▶ Work request: Print exactly and only the lines that run from the one containing "El diputado nacional" through the end of the material, please, omitting pictures.

▶ Data extracts:

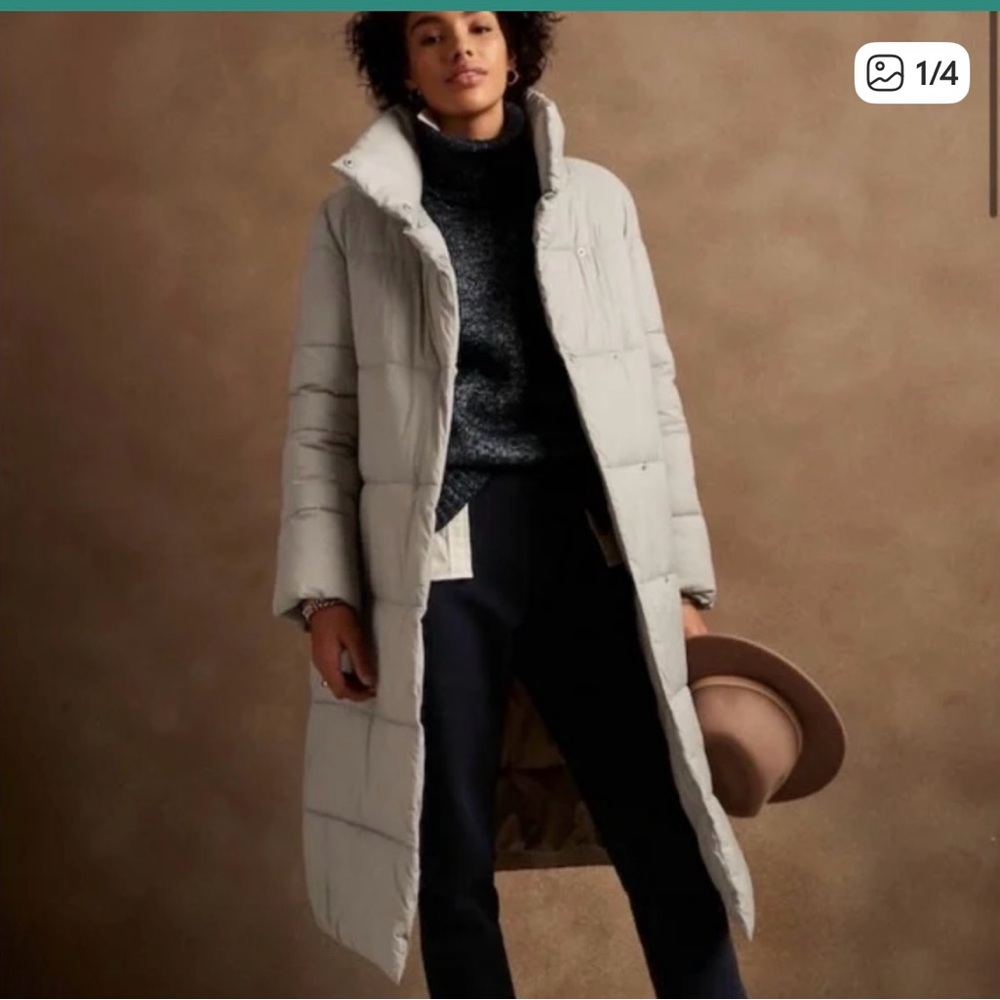 Banana republic puffer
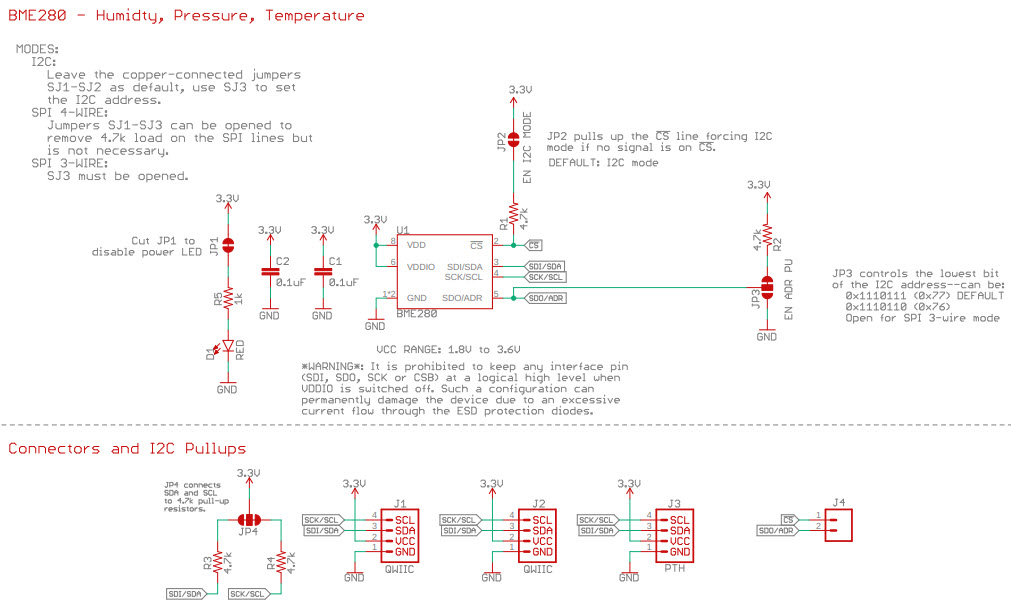 SparkFun Electronics SEN-15440 Reference Design 3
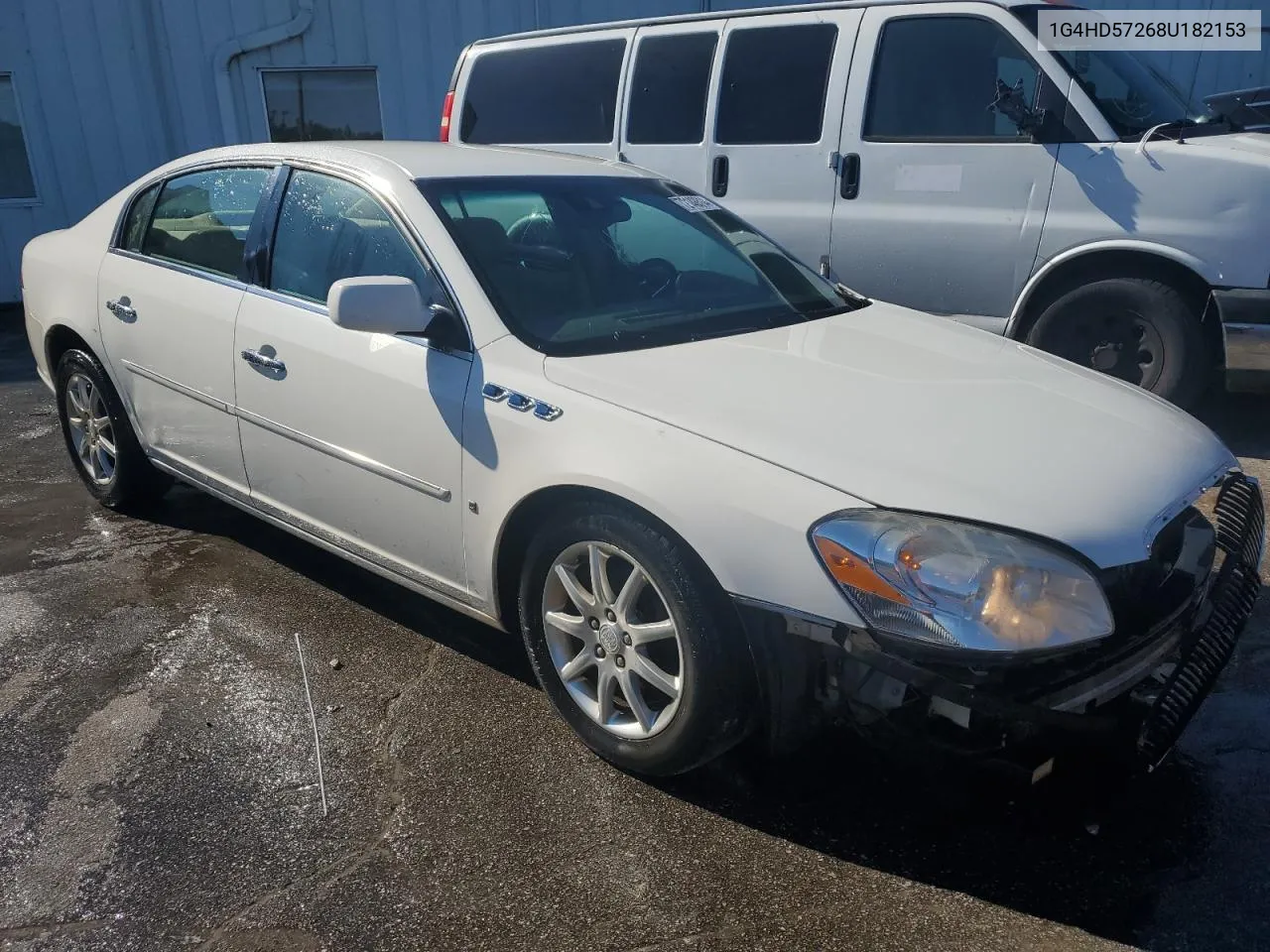 2008 Buick Lucerne Cxl VIN: 1G4HD57268U182153 Lot: 72148514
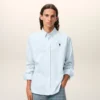 Camicia Oxford Ami de Coeur in cotone blu Camicia Oxford Ami de Coeur in cotone blu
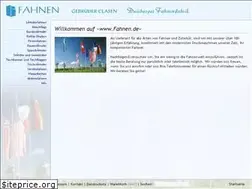 Sites similar to fahnen.de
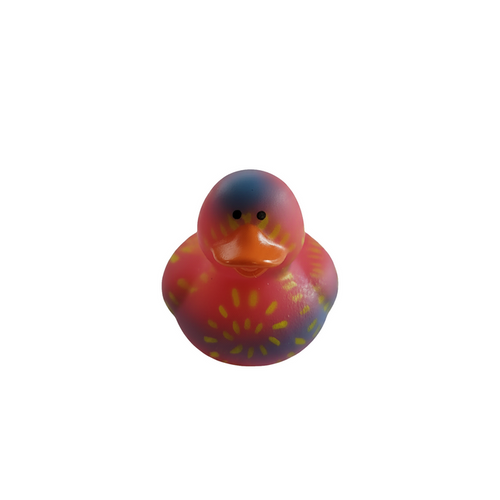 Pink Tie Dye Duck Mini Ducks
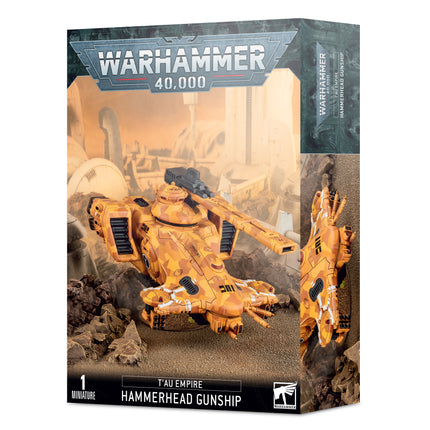 T'au Empire: Hammerhead Gunship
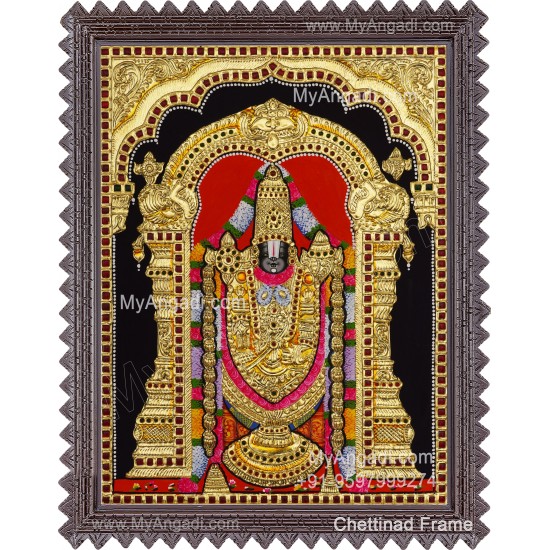 Balaji Tanjore Painting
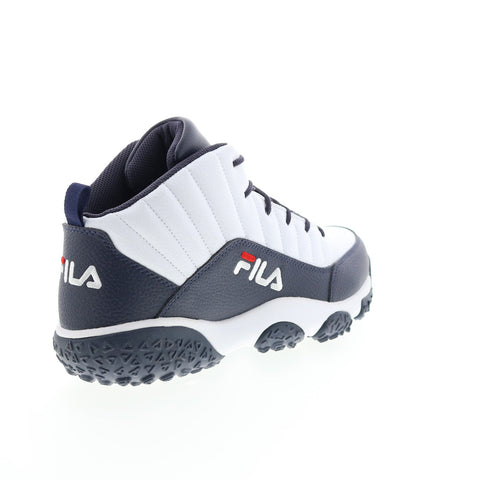 Fila Frontcourt 1BM01380-125 Mens White Synthetic Athletic Basketball Shoes
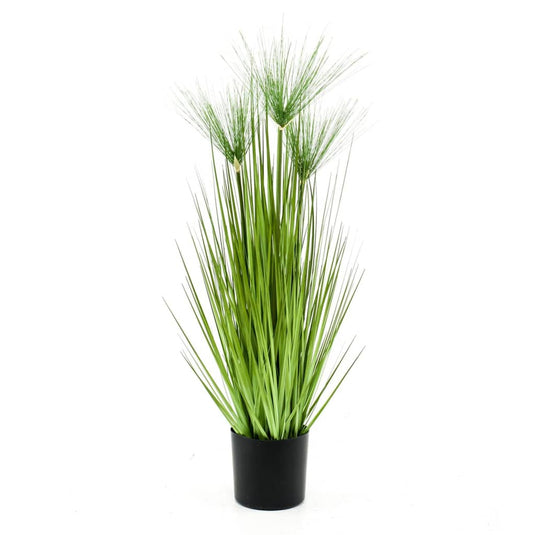 Emerald kunstplant in pot haspan cyperus 75 cm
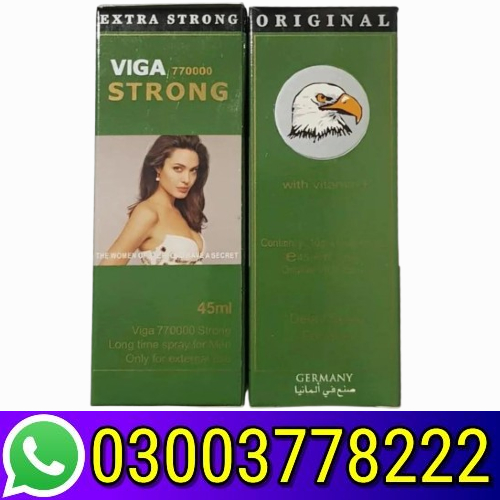 Viga Strong 770000 Delay Spray Price in Pakistan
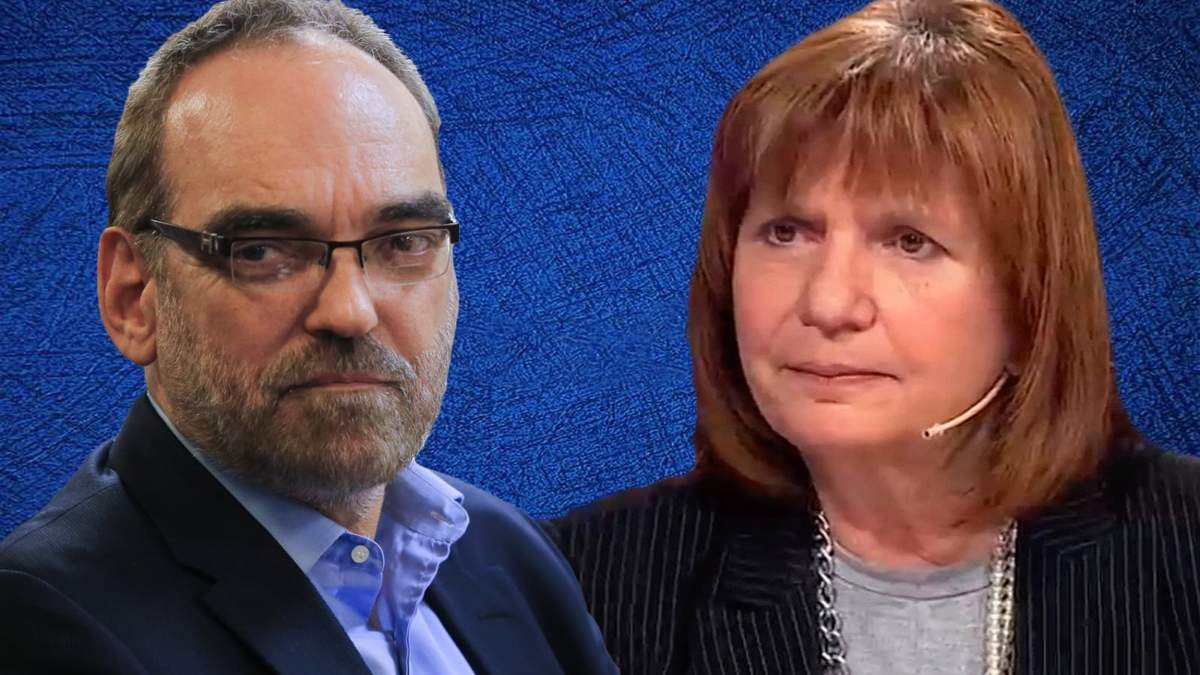 El diputado nacional Fernando Iglesias y la presidenta del PRO,  Patricia Bullrich. Fuente: (Minuto Neuquén)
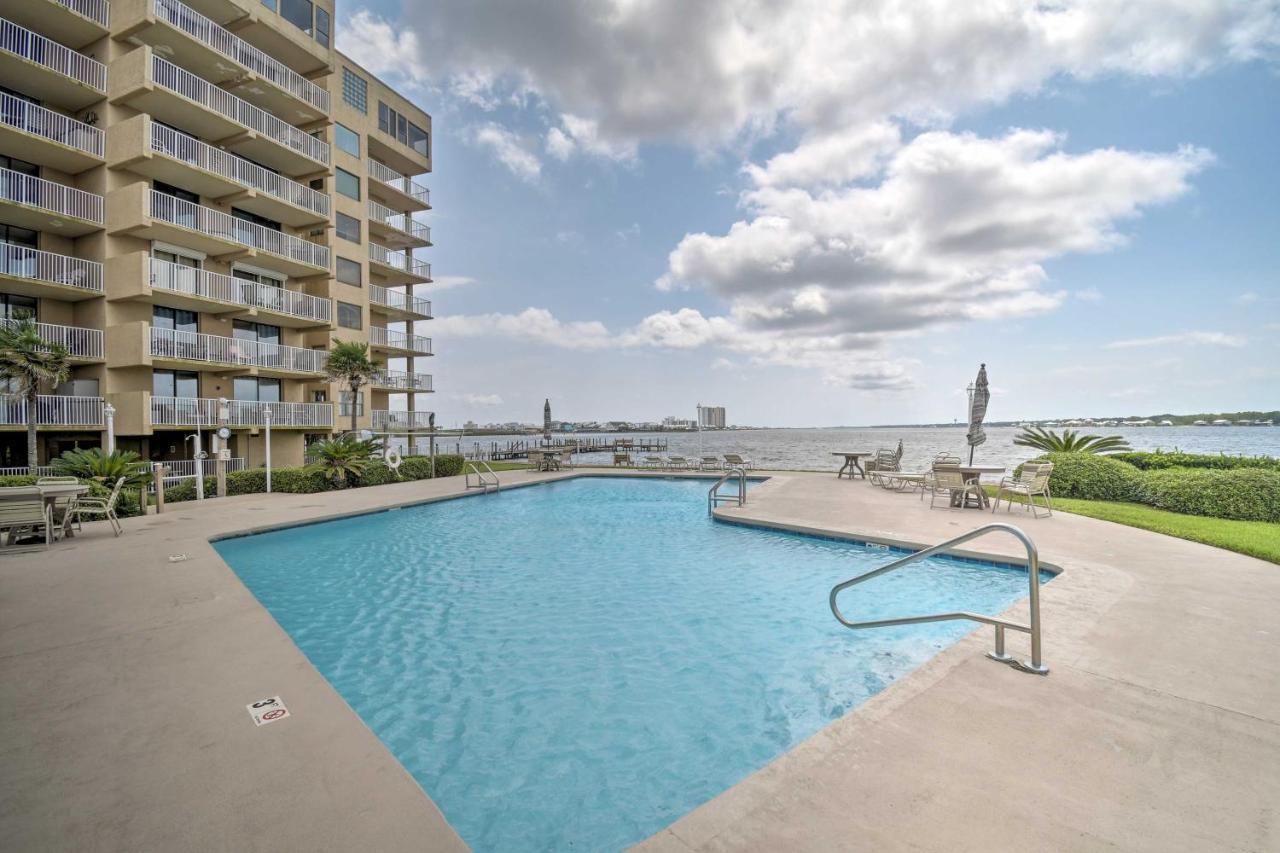 Waterfront Gulf Shores Condo With Patio, Pier And Pool Eksteriør bilde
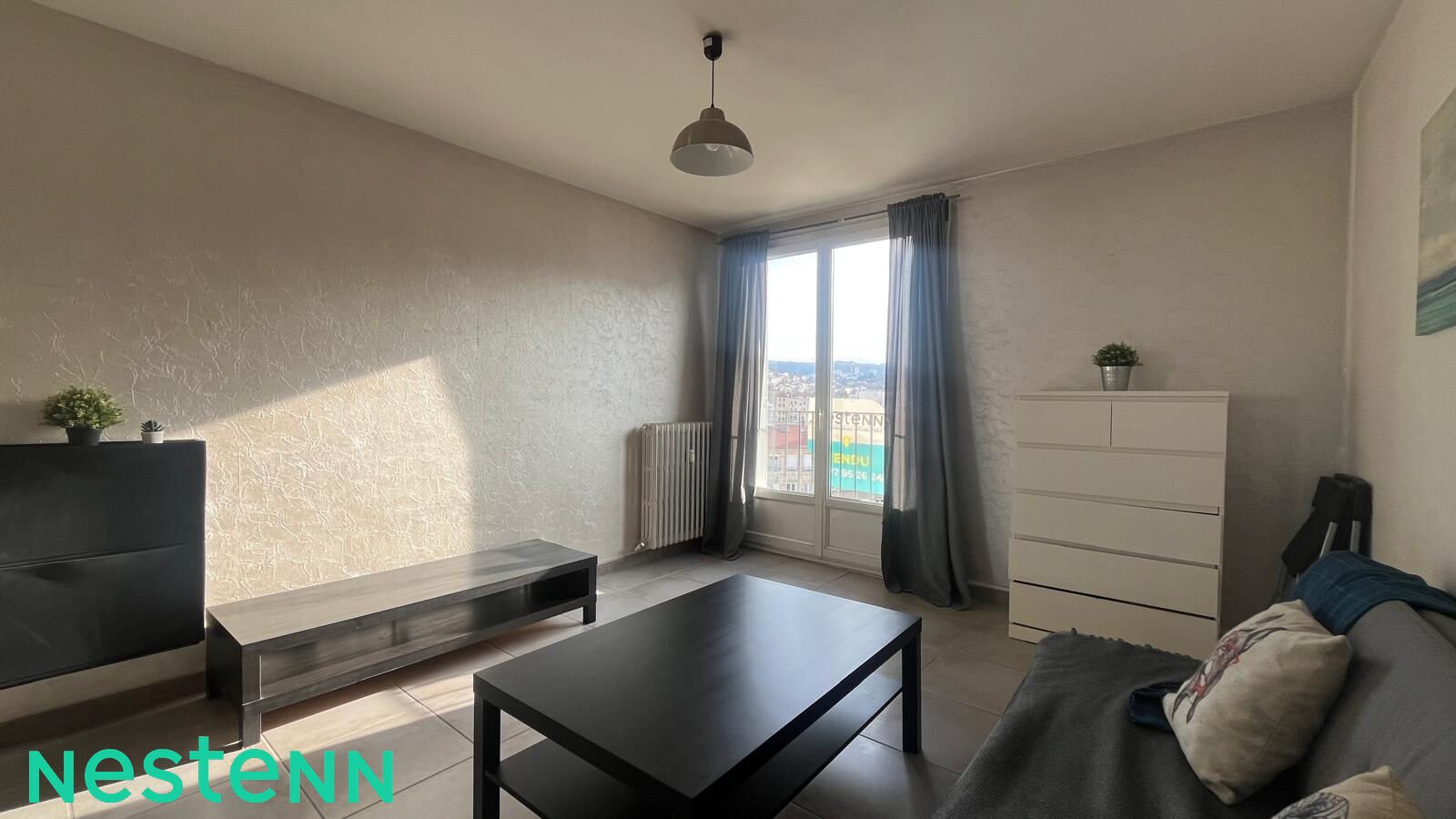 Appartement à vendre, 48m², Saint-Etienne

▶ Exercise result:
 El diputado nacional Fernando Iglesias y la presidenta del PRO,  Patricia Bullrich. Fuente: (Minuto Neuquén)
 Waterfront Gulf Shores Condo With Patio, Pier And Pool Eksteriør bilde
 Appartement à vendre, 48m², Saint-Etienne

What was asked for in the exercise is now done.